As for you the public: show up, pay your admission, and play the field. Bring a muffin tin. The tasting booths hand out their samples in small plastic cups; you need a muffin tin to safely manage the multiple cups of sloppy, cheesy goodness.
And bring tortilla chips, though the event provides them. One Little Rock local writes, “There is a very good chance that chips run out before cheese dip, and people are gross and will straight-up drink cheese dip.” Don’t be those people.

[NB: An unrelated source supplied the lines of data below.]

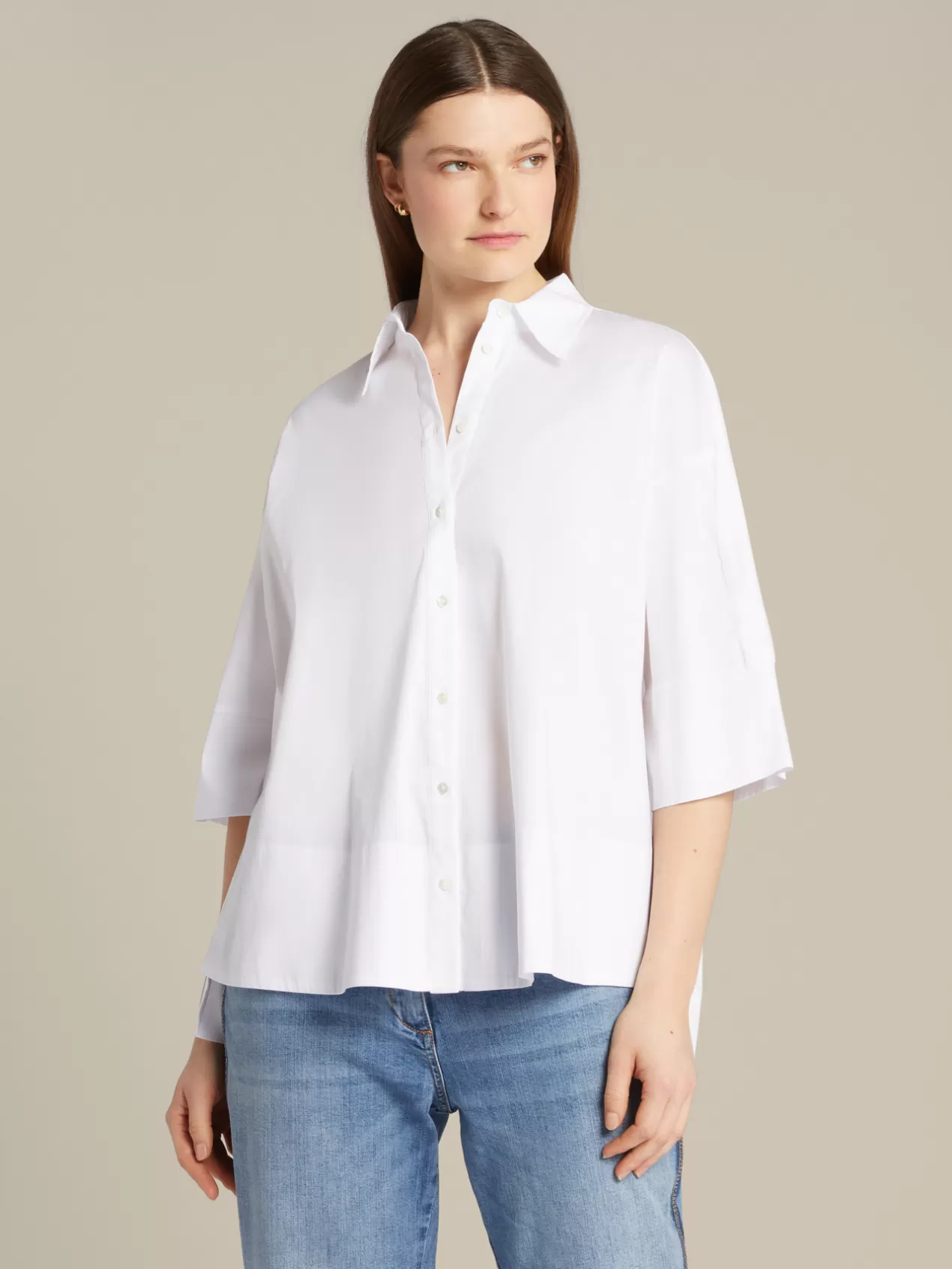 Cheap Elena Mirò Chemise he En Popeline Blanc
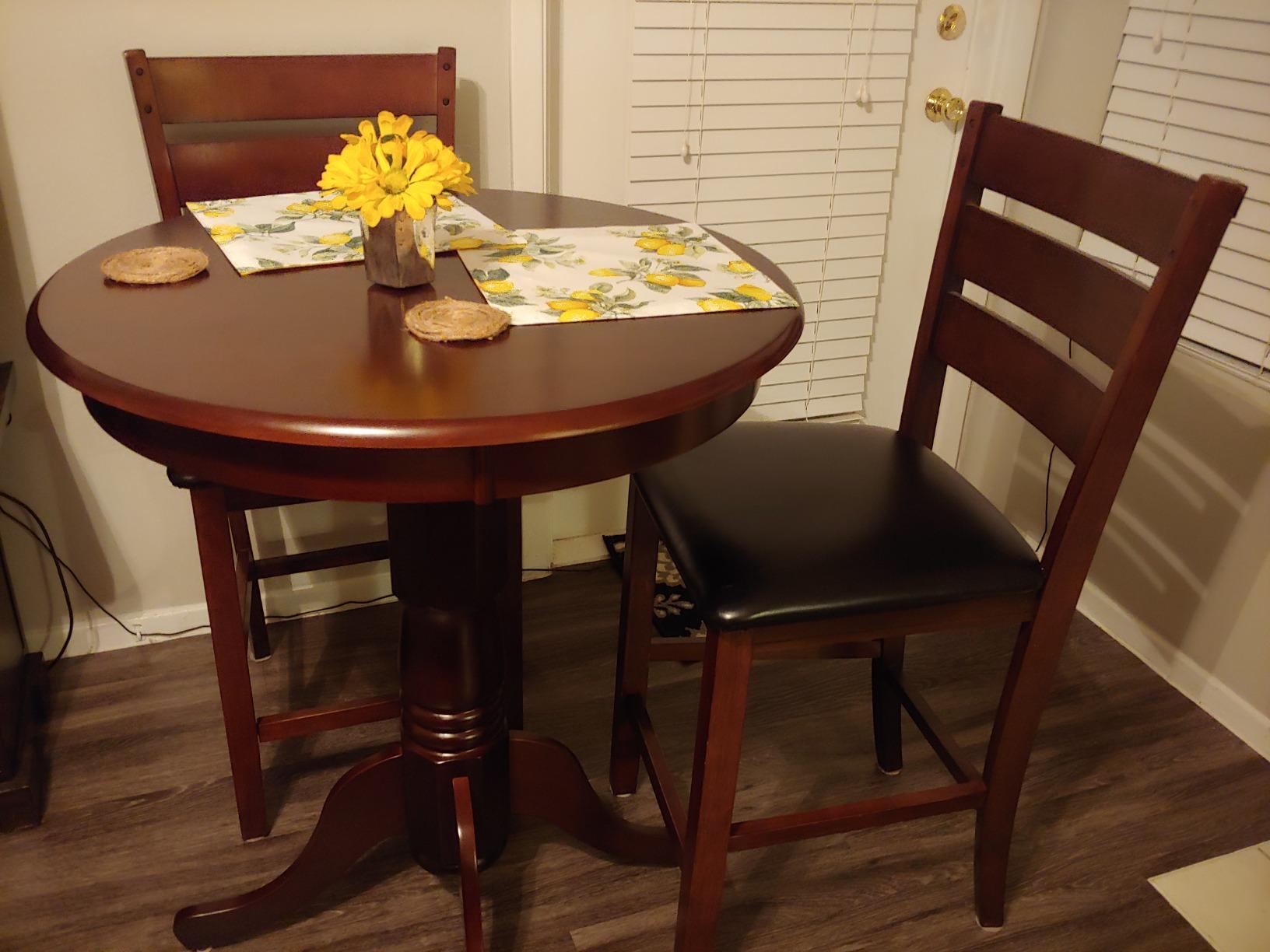 East West Furniture EDT-OAK-TP Eden Counter Height Dining Table - a Round Dinner Table Top with Pedestal Base, 30x30 Inch, Oak customer photo 1
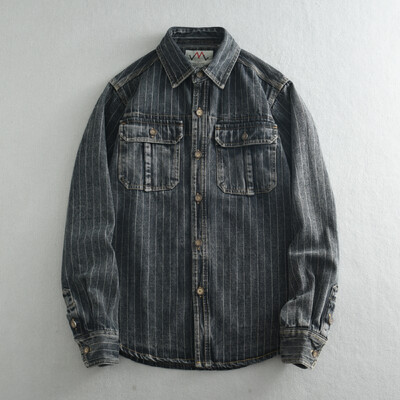 2024 m. rudens nauji amerikietiški įrankiai nostalgiški skalbiniai vyriški džinsiniai marškiniai retro ilgomis rankovėmis dryžuotas paltas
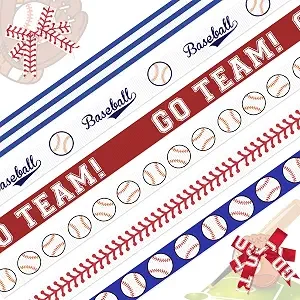 Hying 6Rolls 18 Yards Baseball Grosgrain Ribbons, 3/8" Blue White Stripe Sport Team Ribbon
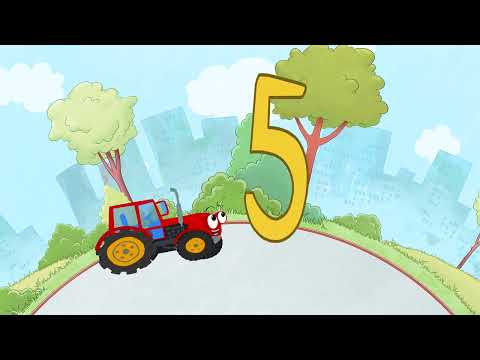 Der rote Traktor und die bunten Zahlen - Kindervideo - deutsch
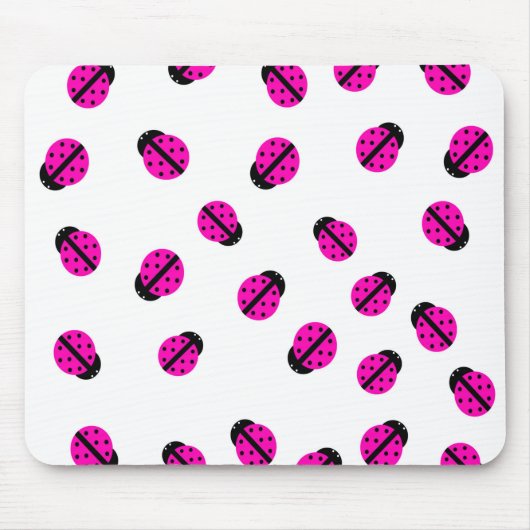 Roze Lady Bug Mousepad Muismat (Voorkant)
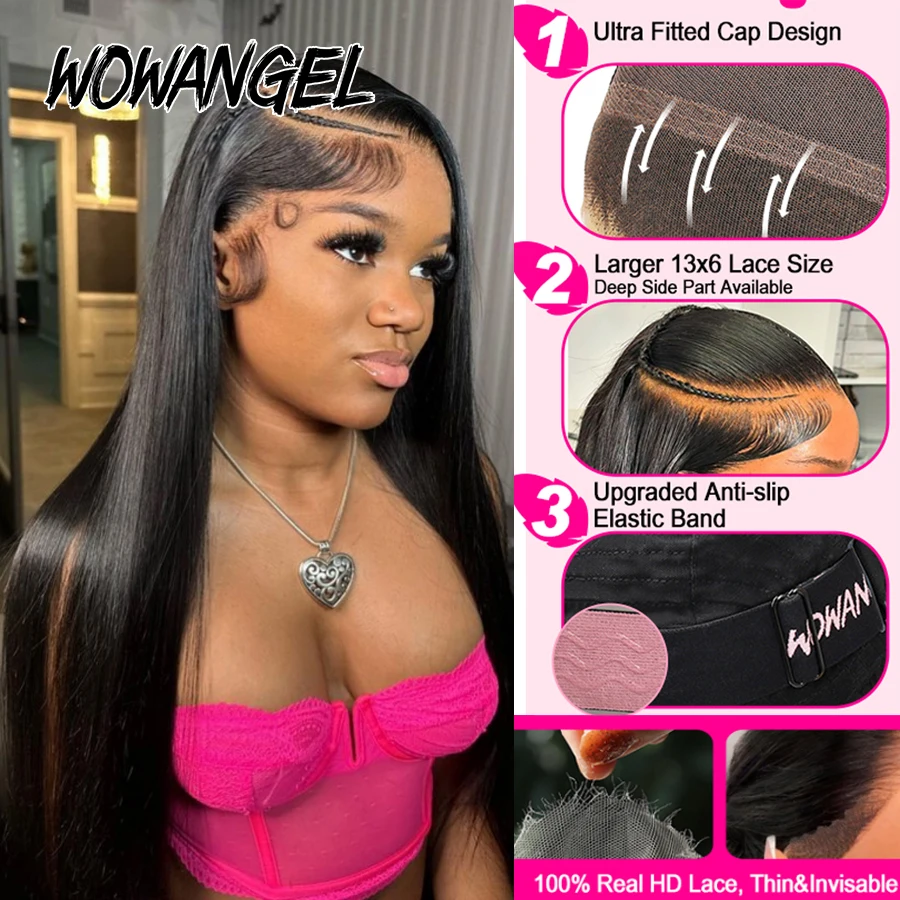34inch Virgin Hair 13x6 HD Lace Frontal Wigs 250% Straight HD Lace Front Wigs Human Hair Skinlike Deep Parting Pre Plucked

So what makes Arkansas cheese dip so special? What secret brings it that special smoothness — drinkability, even — that Texas queso lacks?
In a word — Velveeta.
From its “discovery” by an Arkansan Mexican restaurant owner back in the 1930s, Arkansas cheese dip has been all about the Velveeta. Velveeta: that artificial cheese food that isn’t exactly cheese and may not even be food anymore.
Velveeta doesn’t even need refrigeration. And boy, does it melt. It melts under a hot glare, and stays melted. That’s the secret.
You can of course add other cheeses to the Velveeta for flavor and color; some Arkansan chefs manage without Velveeta at all. But that big thick yellow brick of cheese product is usually somewhere in the building.
And after all, who really needs chefs and restaurants? Arkansas cheese dip is dead easy to make at home. People do, all the time. Cheese dip is democratic.
Your typical Arkansan cubes up a pound of Velveeta and throws it in a bowl with a can of Ro-Tel Diced Tomatoes and Green Chilis, a little milk, and a little cumin. Maybe some ground meat, too, if they want to be fancy. Then they nuke it, stir well, and nuke it again. Not rocket science.
Dip anything you want in it: Chips. Crackers. Cheese puffs. Tortillas. Meatballs. French fries. Oreos. Whatever. I say with confidence: In Arkansas, everything that can be dipped in cheese dip, HAS been dipped in cheese dip. And 90 percent of that cheese dip is some marriage of Velveeta and Ro-Tel.
So when you go to the World Cheese Dip Championships — and COVID or not, it’ll be back — bow before the Velveeta and Ro-Tel sponsorship banners, load your muffin tray with cheese dip and enjoy.
And if you run out of chips, forget what I said earlier: chug those puppies!